You will need to get up at night for a while until the little guy can hold it. Remember his bladder isn't fully developed right away and different puppies can hold it longer than others. When he's up and about while you are home, you will need to let him out OFTEN for the first few weeks until he gets the idea of going potty outside is a good thing and always potty shortly after feeding.

The schedule you have is very simplistic and not very realistic, but it's a start.


----------



## SunCzarina

I don't think following the monks schedule exactly is necessary but it is important to come up with your own routine and stick to it. Dogs love structure.

For example, my pup was always put up for nap around 8:30 and again at 3 pm. He hasn't been sent to his crate for nap since he was about 5 months - now he just lays down after breakfast and again about 3pm because he was conditioned to do it.

I did with hold water from Otto - the first pup I ever had to do that to. Used to keep a gallon jug in the fridge for him so I knew he was getting enough during the day. He was a guzzler so I'd give him small amounts through out the day and none after 10 pm (his last potty was at 11pm)


----------



## KC_Pike

Exactly, the schedule is a sample but not realistic in the real world. As noted you can use that as a guide and over time you will come to your own schedule with the pup. Remember they love/need that structure and starting the habits when they are so young is a great way to go.

An example, the pup is crated for an hour each night at dinner time so the g/f and I can make dinner, eat, clean up, and have some quiet time.


----------



## TxTech

I figured in the real world this schedule would vary on a case by case basis. I just wondered if something to this extent is necessary for more than the pup's first week or so at home? I know that structure is necessary throughout...but after the pup's first week or so when the owner goes back to work, obviously the schedule won't be THIS involved. This schedule has the owner doing pretty much nothing all day except tending to the pup. Again, I understand that's necessary when you first bring him home, but how long was it like that for you?


----------



## JakodaCD OA

HBH,,heck I'm still "tending" to Masi all day long and she's 10 months old !!LMBO! 

I'm kidding,,,but some days it sure feels like it ,,she's an energizer bunny and rather demanding of my time ))

I didn't have a 'strict' schedule with any of my dogs as puppies,,but did have a schedule,,At 8 weeks old,,they are usually out once or twice in the middle of the nite...

Early risers,,out to potty, back in,,7:30 am first meal,,settle in the house for awhile,,(I have the luxury of spending alot of time at home),,supervised of course,,outside for awhile with the other pooches,,afternoons they seem to be ready to settle down for naptime )) out for breaks,,,4pm dinner,,out/in and nite time I am either walking, taking class, outside with the dogs,,whatever..

Last time out is 10 pm (and any other time between 10 and normally 5-6 am) this of course was when they were very young.

I never withhold water..I don't tend to crate them when I am around and supervising. 

Dogs seem to adapt pretty well to a 'feed' schedule and to whatever schedule works for you..


----------



## TxTech

So would you say that bringing home an 8-9 week old puppy is possible for someone who works full time outside of the home?

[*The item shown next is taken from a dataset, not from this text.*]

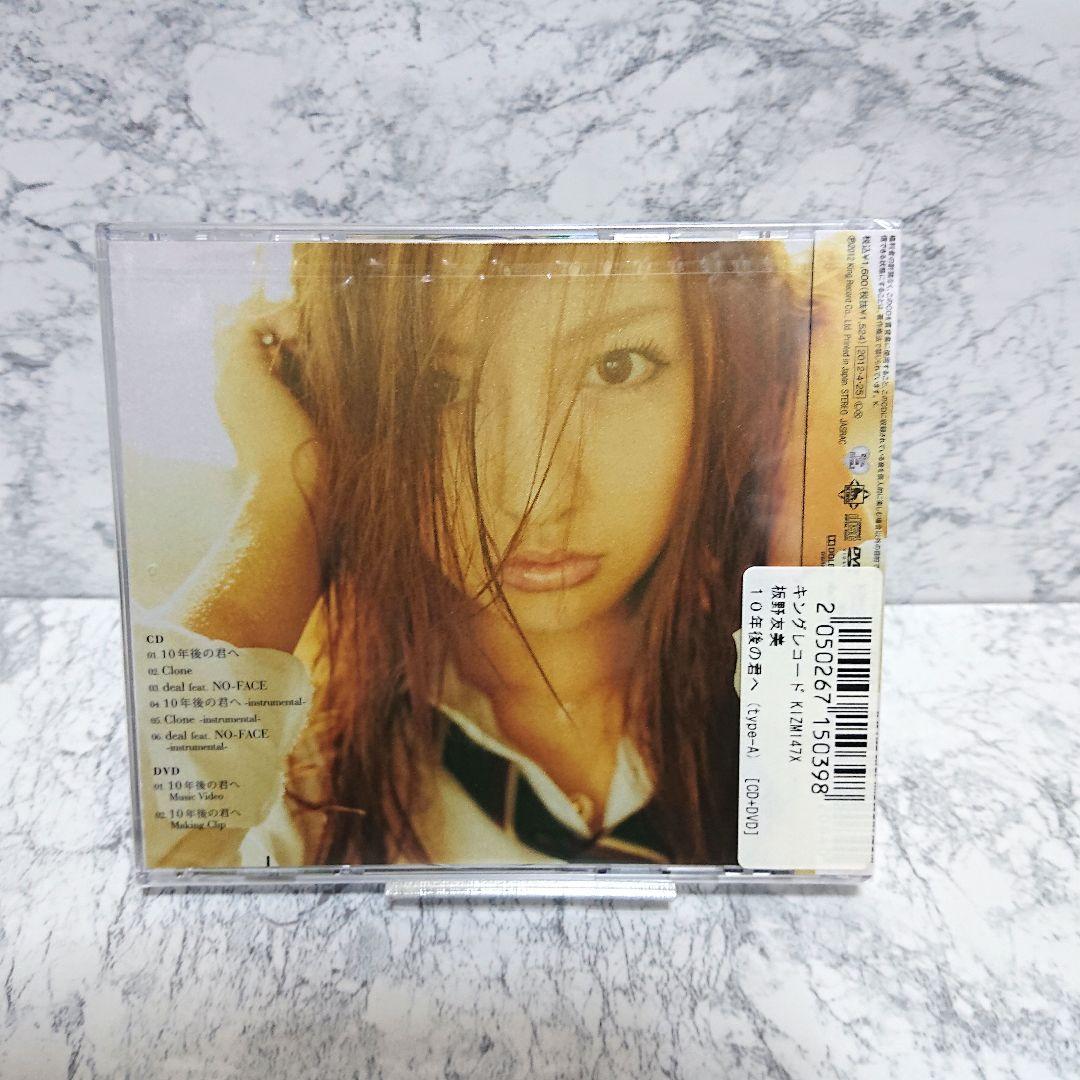 【超レア】板野友美☆10年後の君へ☆CD&DVD☆新品☆3枚セット☆コレクション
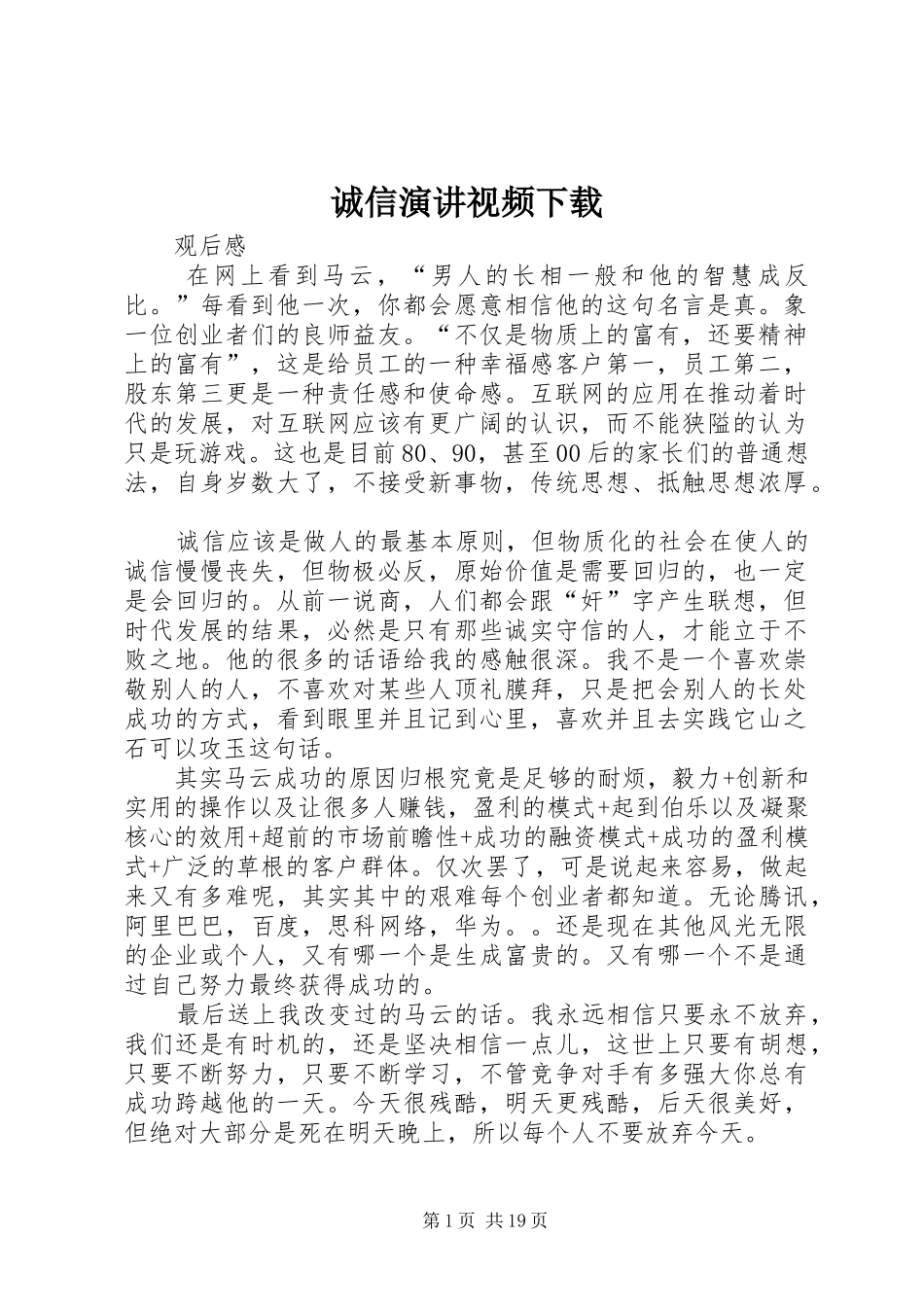 诚信演讲视频下载_第1页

I mean, surely there are several people here who work 8 hours a day and have brought home a puppy...? Obviously I (or hubby) would come home at lunch time to take the pup out to potty and stretch. But this isn't impossible right?

I just feel like our lives will only get busier from here on out (once we start having kids and such) until retirement. And I sure as **** don't want to wait until retirement to get a pup. So we should just do it soon before we have our first baby. I definitely wouldn't want to be at home with a baby AND a puppy! =)


----------



## JakodaCD OA

Holly, gosh no way would I want to be home with a baby and a puppy too!! I'd go NUTS altho I'm sure some do it ! LOL

yes,,I do think working full time and a puppy are "do able"...

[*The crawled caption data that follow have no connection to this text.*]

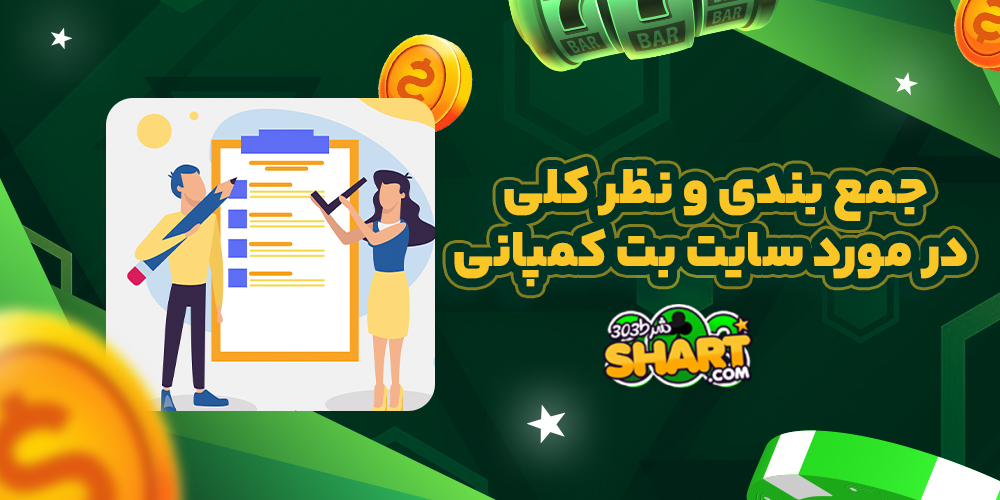 جمع بندی و نظر کلی در مورد سایت بت کمپانی
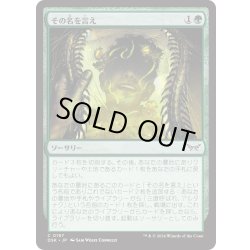 画像1: 【JPN】★Foil★その名を言え/Say Its Name [MTG_DSK_0197_C]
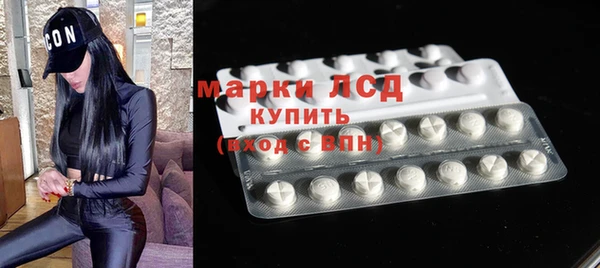 мефедрон Вязники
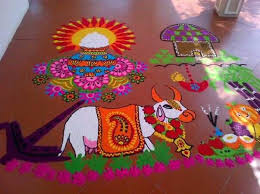 Maybe you would like to learn more about one of these? Mattu Pongal Kolam Rangoli Kolam à®ª à®™ à®•à®² à®© à®ª à®¤ à®‰à®™ à®•à®³ à®µ à®šà®² à®µà®£ à®£à®®à®¯à®® à®• à®• à®® à®• à®²à®™ à®•à®³ à®‡à®¤ Best Pulli Vacha Pongal Kolam Designs With Dots Samayam Tamil
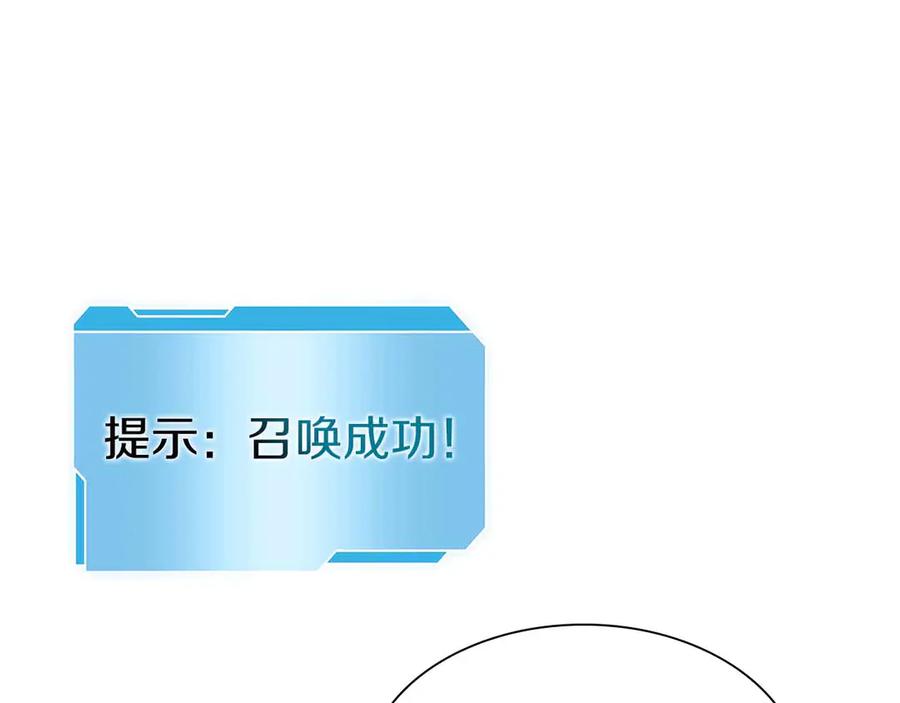 《重生后成为FFF级巫医》第17话 笨蛋、召唤兽 第36页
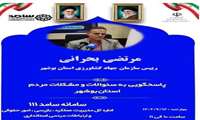 حضور رئیس سازمان جهاد کشاورزی استان در مرکز سامد بوشهر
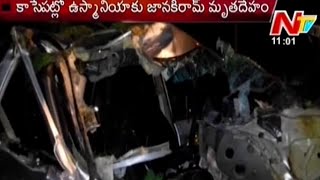 Nandamuri Janaki Ram Demise Spot Visulas [upl. by Dreda331]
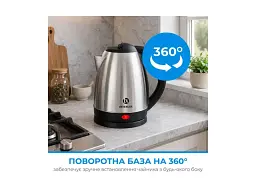 Електрочайник INTERLUX ILK-0018 - мініатюра 5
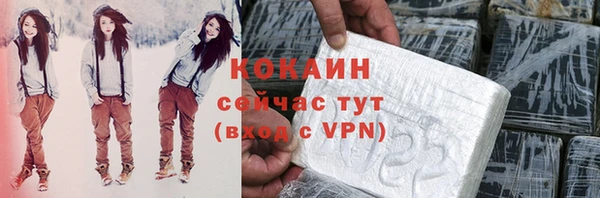 героин Вяземский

When I was working alot,,I always tried to time my vacation with getting a puppy ,,or vice versa ) and try to take atleast a week off..

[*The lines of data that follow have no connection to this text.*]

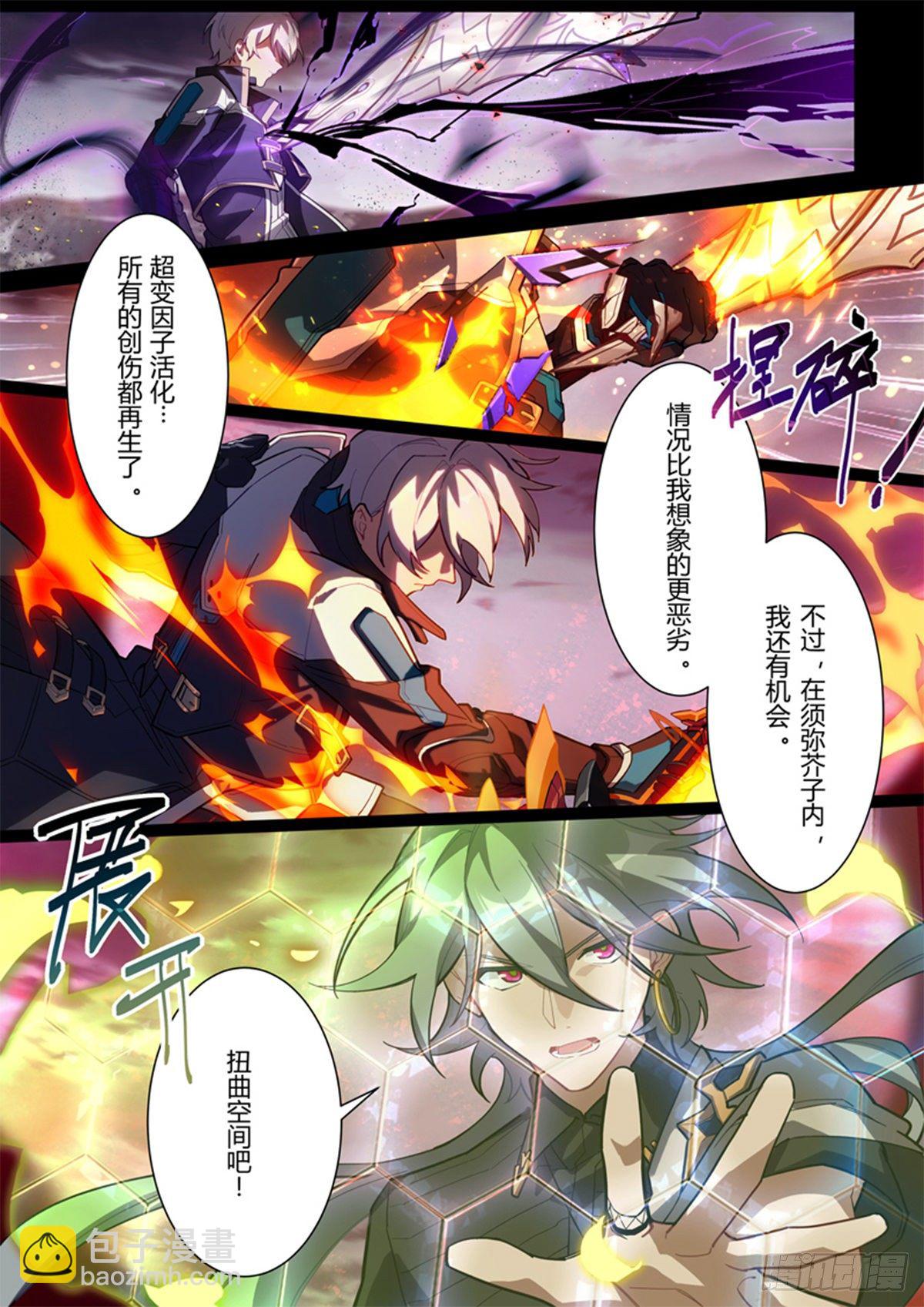 传承 第十四话「挚友」-第193话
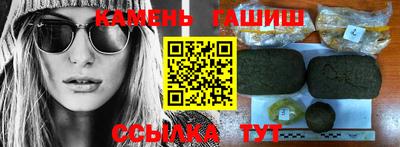 скорость mdpv Малгобек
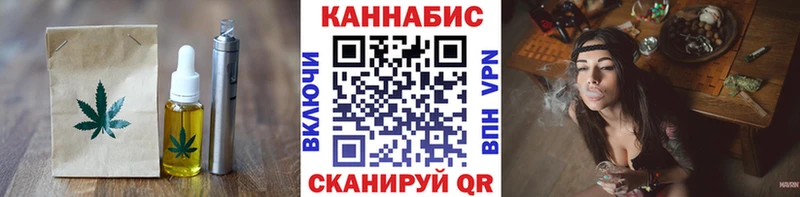 Cannafood конопля  MEGA ТОР  Емва 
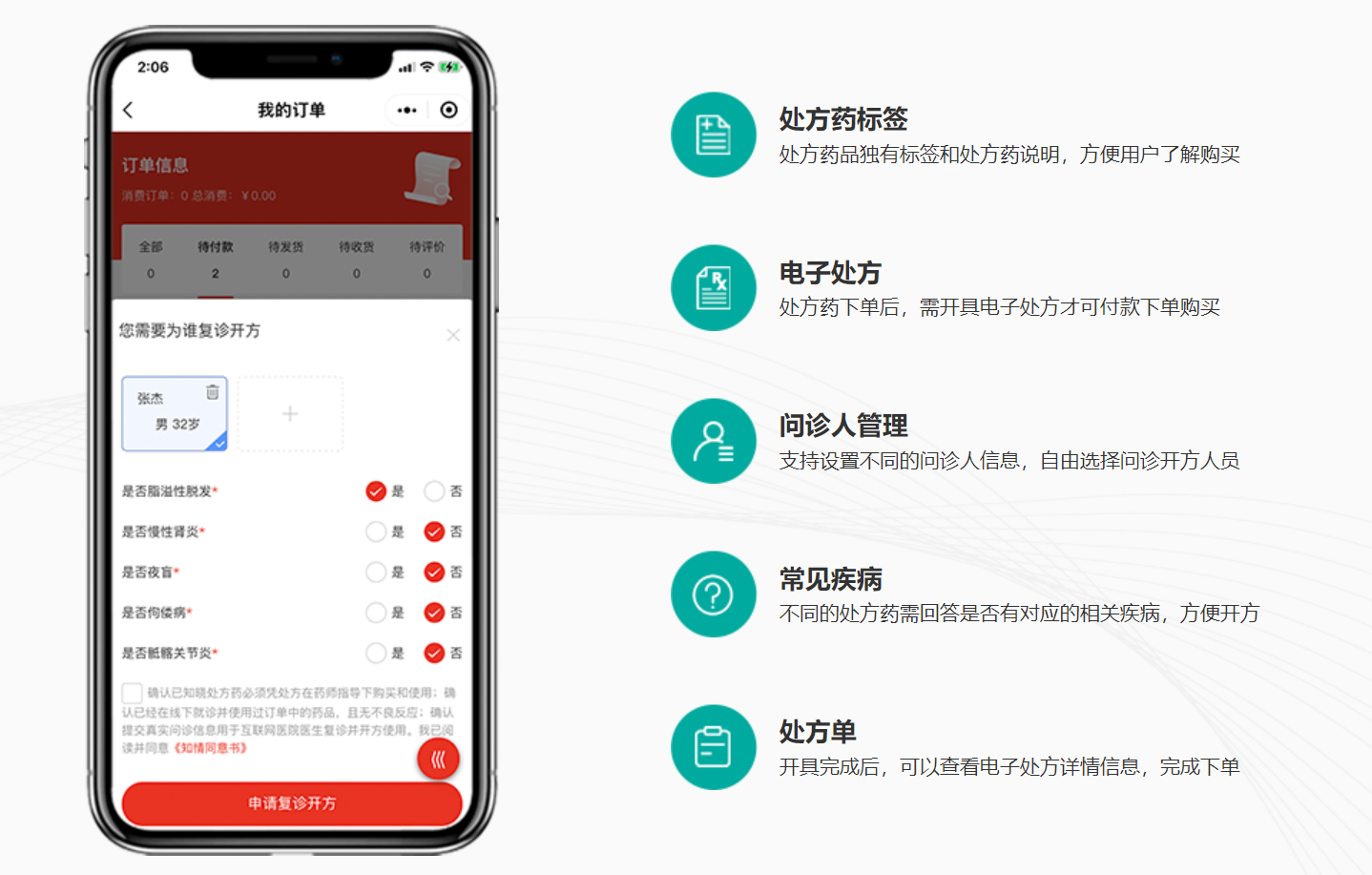 万岳药店系统源码 万岳药店系统源码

I hadn't had a puppy in almost 9 years when I got Masi , and thank god 1. I got her in warm weather,,and 2..I WAS TIRED! even tho I was working only 2 days a week !!!

IF I worked full time and got a puppy, this is what I would do,,time my vacation with getting a puppy,,2. IF that's impossible,,I'd look for someone who could do a few weeks at the minimum of coming and letting puppy out..(lunchtime is definately do-able but I always am letting my 8 week olds in and out ) 3. I'd then even pursue puppy daycare /doggie daycare at the appropriate time even if it's only 1-2 days a week so they can burn off some steam..Those doggie daycare places wear a puppy/out !! Tired puppy is a good puppy..))

I do think if your ready to really jump into it,,an 8 week old is certainly able to be done...I had forgotten tho,,just how demanding and time consuming an 8-12 wk old IS!! 

I was definately sleep deprived for atleast 2 months )))


----------



## TxTech

Yeah, I thought about hiring someone to come over and take the pup out during the day when we are at work. 

I know the first month will be stressfull, but I've been waiting for 6 and 1/2 years to get a dog. And now that we will be moving into a bigger place with a yard and are done with school, I just feel like we are more ready to do the puppy thing. If we put it off too long, I'll be wanting to start a family and then we'll have to put it off even longer. 

Maybe I'll get lucky with the job situation and end up with a very flexible job (or maybe even part time)!


----------



## JakodaCD OA

go for it ! good luck in your search,,alotta work yes,,but so rewarding ))


----------



## TxTech

Yeah, breeder search has taken a long time! But I think I might have settled on one. Just need to go visit them.


----------